It seems there is no error

michbens commented 2 years ago

I'm not sure this is a size issue. I checked the sizes and I get the following:

table CoreCfg
{
    coreCfgField1:CoreCfgField1_Sruct(id:0);       // ~ 1K
    coreCfgfield2:CoreCfgField2_Sruct(id:1);       // ~ 1K
    coreCfgfield3:CoreCfgField3_Sruct(id:2);       // ~ 1K
    staticCfg:StCfg.StaticCfg(id:3);               // ~ 4K
    coreCfgfield5:CoreCfgField5_Sruct(id:4);       // ~ 2K
    coreCfgfield6:CoreCfgField6_Table(id:5);       // ~ 92K
}

When CoreCfgField6_Table is a table containing 6 structs of the following sizes:

table CoreCfgField6_Table
{
    f1:S1;  // ~ 9K
    f2:S2;  // ~ 8K
    f3:S3;  // ~ 8K
    f4:S4;  // ~ 31K
    f5:S5;  // ~ 19K
    f6:S6;  // ~ 19K
}

So there is no structs more than 64K

mikkelfj commented 2 years ago

Thanks for data.

The problem is that the sum of the individual fields reach more than 64 KB. In your example f6 cannot be reached if it is stored last in the table.

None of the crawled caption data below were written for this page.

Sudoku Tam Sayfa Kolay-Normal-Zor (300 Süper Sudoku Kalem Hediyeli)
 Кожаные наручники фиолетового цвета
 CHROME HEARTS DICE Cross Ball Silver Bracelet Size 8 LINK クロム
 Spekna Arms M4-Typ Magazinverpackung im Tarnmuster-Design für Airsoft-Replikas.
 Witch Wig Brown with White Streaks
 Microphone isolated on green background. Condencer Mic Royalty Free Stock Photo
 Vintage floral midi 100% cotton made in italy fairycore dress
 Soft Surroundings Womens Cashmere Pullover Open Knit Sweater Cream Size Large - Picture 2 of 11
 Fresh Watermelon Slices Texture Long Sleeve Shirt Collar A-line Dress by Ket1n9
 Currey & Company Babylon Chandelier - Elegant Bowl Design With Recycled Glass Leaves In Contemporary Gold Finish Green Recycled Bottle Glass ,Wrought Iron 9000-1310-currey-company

The main problem is that vtable offsets are 2 bytes so they cannot point beyond that. But in principle the end of the last field could go beyond that. However, the table size is also stored in 2 bytes so at the very least the buffer should fail verification. Therefore the builder should also reject such large tables.

I am not sure why you do not get an error, but this area probably hasn't be used or tested much since you are not allowed to do it anyway.

My next suggestion:

Reduce the size of the table gradually until you get below 64 KB just for testing. Run the verifier on buffer each time you reduce, and see if you can confirm success once you below the limit.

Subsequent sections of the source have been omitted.